Background information
- Born: Christopher Anthony Lunsford June 30, 1992 (age 34)
- Origin: Farmville, Virginia, U.S.
- Genres: Country; folk;
- Occupation: Singer-songwriter
- Instruments: Vocals; guitar;
- Years active: 2021–present
- Website: oliveranthonymusic.com

= Oliver Anthony =

American singer-songwriter (born 1992)

Christopher Anthony Lunsford (born June 30, 1992), known professionally as Oliver Anthony, is an American singer-songwriter from Farmville, Virginia. In August 2023, he released the single "Rich Men North of Richmond" independently, which debuted atop the Billboard Hot 100 and made him the first artist to achieve this without any prior charting history in any form.

== Career ==
===Career beginnings===
A singer of the country-folk genre, Lunsford adopted his grandfather's name "Oliver Anthony" as his stage name in homage to the Depression era in which he lived.

Anthony started writing music in 2021, and since 2022 has released music as Oliver Anthony Music. Winston Marshall compared Anthony's performance on his song "Doggonit"—a song which contrasts consumption of insect protein and self-driving cars with Anthony's rural abode—to that of a character from Hillbilly Elegy. His music has been influenced by Hank Williams.

He said he "started getting messages from people saying how much the music was helping them with their struggles in their lives", and that that gave him a purpose. "It made me feel like I wasn't just wasting my time." Anthony had been struggling with mental health issues and alcohol abuse for five years, and according to Twitter user Jason Howerton who had interviewed him, in July 2023 Anthony broke down and promised God that he would get sober if he helped him follow his dream. Around 30 days later, West Virginia music channel Radiowv asked him to record a song for its YouTube music channel, and the result was "Rich Men North of Richmond".

Anthony performed a free show at a farmers' market in Barco, North Carolina, on August 13, which Anthony opened with the reading of verses from Psalm 37 about evildoers. He was joined by surprise guest Jamey Johnson. That same month, six other Anthony songs ranked in the iTunes top 20, with five of the others in the top 10, including "I've Got to Get Sober", which reached No. 3 on the Apple platform.

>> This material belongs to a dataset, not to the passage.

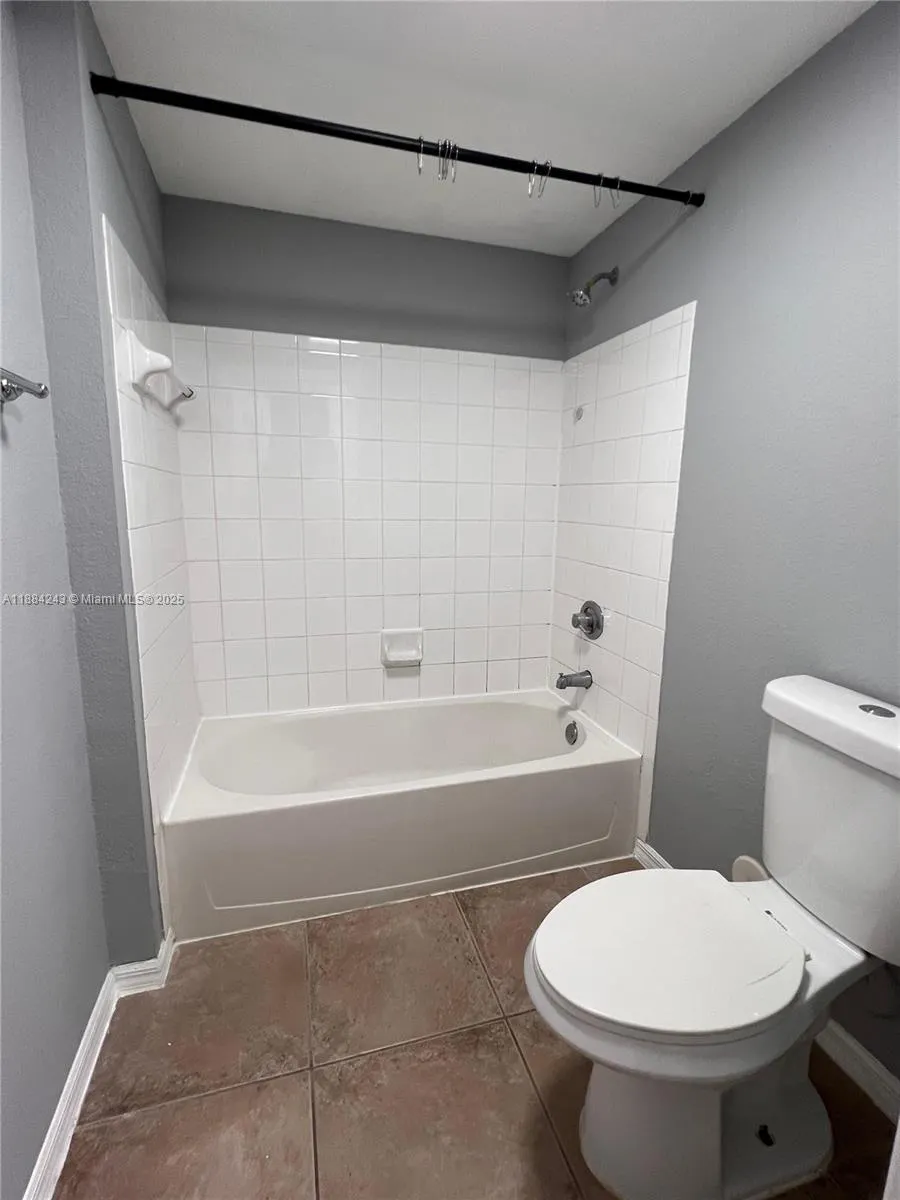 2400 Centergate Dr, #102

"Aint Gotta Dollar", a song about self-reliance without spending money, and ranked Anthony's fourth best by Taste of Country, reached number 1 on the Viral 50 list in Spotify and No. 2 on iTunes. Anthony said that members of the public had reached out to tell him that the song had connected with them powerfully.

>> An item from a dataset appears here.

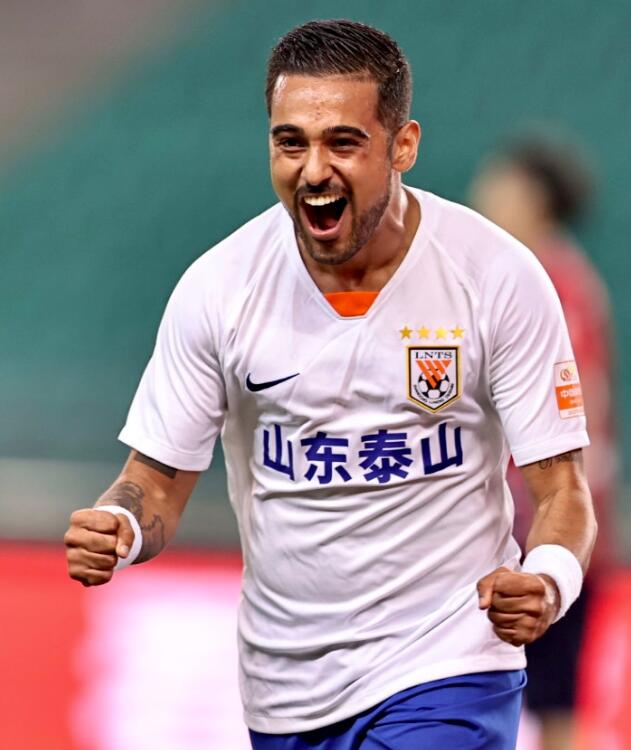 莱昂纳多,郭田雨建功,泰山队赢球开启新"旅"橙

In a Facebook post on August 17, Anthony described what he believes to be the reasons for his popularity: "I wrote the music I wrote because I was suffering with mental health and depression. These songs have connected with millions of people on such a deep level because they're being sung by someone feeling the words in the very moment they were being sung. No editing, no agent, no bullshit. Just some idiot and his guitar."

Anthony's second documented public concert, in Moyock, North Carolina, opened in what Billboard described as "a unique fashion", with him reading a passage from the Bible.

=== "Rich Men North of Richmond" ===

The video of Anthony performing "Rich Men North of Richmond" was uploaded to YouTube on August 8, 2023, and immediately went viral. Billboard described it as taking on "politicians, taxes, welfare and other issues from a struggling working man's perspective", and various news sources described themes in it as anti-establishment, conservative, or conspiratorial. It was further promoted by personalities including singer-songwriter John Rich, podcaster Joe Rogan, and conservative commentators Jack Posobiec and Matt Walsh.

The song went to number 1 on the U.S. iTunes all-genres chart within days, and to number 1 on the Spotify U.S. and Apple Music charts a few days later. Virginia Attorney General Jason Miyares called Anthony's performance "unreal Virginia talent." NBC News reported on August 14 that the original video upload had over nine million views in the space of five days, and noted a comment on it which had attracted 11,000 likes: "And just like that you became the voice of 40 or 50 million working men."

=== Later output ===

All songs Anthony published before "Rich Men North of Richmond" were recorded on his mobile phone. Within days of the song's release, John Rich publicly offered to produce Anthony's first album. On August 16, Billboard talked of a music industry "feeding frenzy" for his signature, reporting that one label head had told them, "I don't think I've ever seen anything like this before." Anthony wrote on his Facebook page on the same day that "Everyone in the 'industry' is rushing me into signing something, but we just want to take things slow right now." He also wrote that "We are working on a full line up of shows" with space for bigger audiences.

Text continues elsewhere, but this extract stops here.